---------- DATA

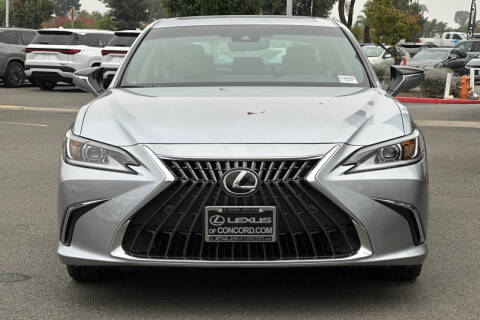 2025 Lexus ES 350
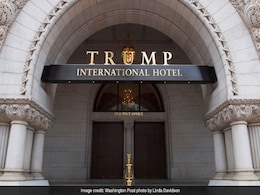 Saudi-Backed Lobbyist Paid For 500 Rooms At Trump Hotel After 2016 Polls Saudi-Backed Lobbyist Paid For 500 Rooms At Trump Hotel After 2016 Polls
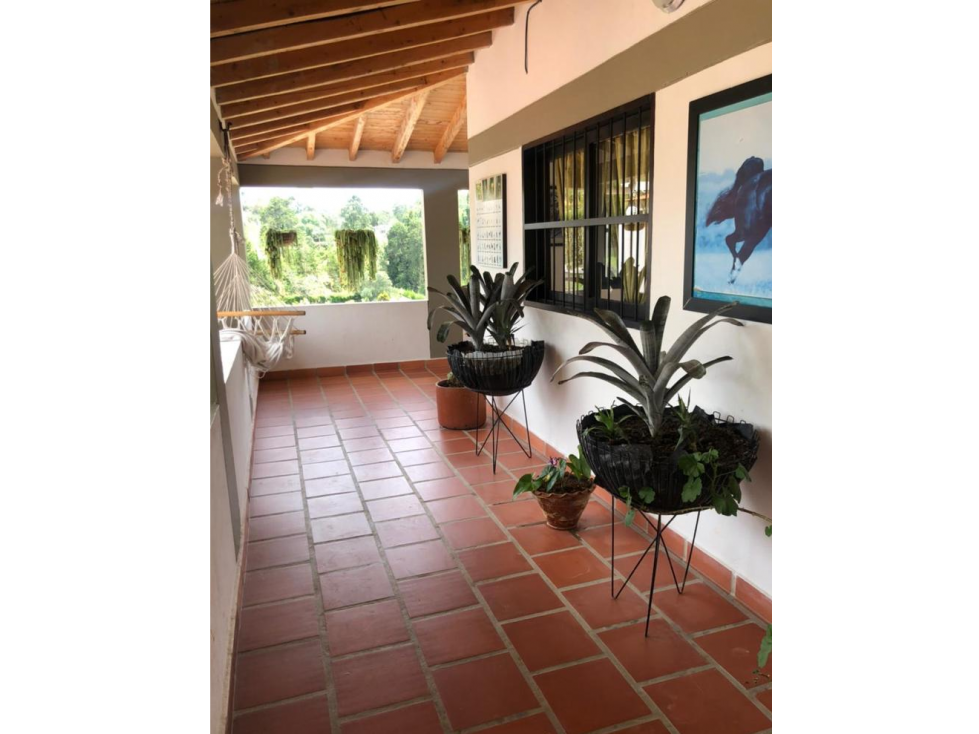 Casa finca en Guarne con acceso por la autopista a 3 minutos — foto 5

--------------------

## EXERCISE INSTRUCTIONS
Repeat the material above word for word; no images go in the copy.

## TASK SOLUTION
 2025 Lexus ES 350
 Saudi-Backed Lobbyist Paid For 500 Rooms At Trump Hotel After 2016 Polls Saudi-Backed Lobbyist Paid For 500 Rooms At Trump Hotel After 2016 Polls
 Casa finca en Guarne con acceso por la autopista a 3 minutos — foto 5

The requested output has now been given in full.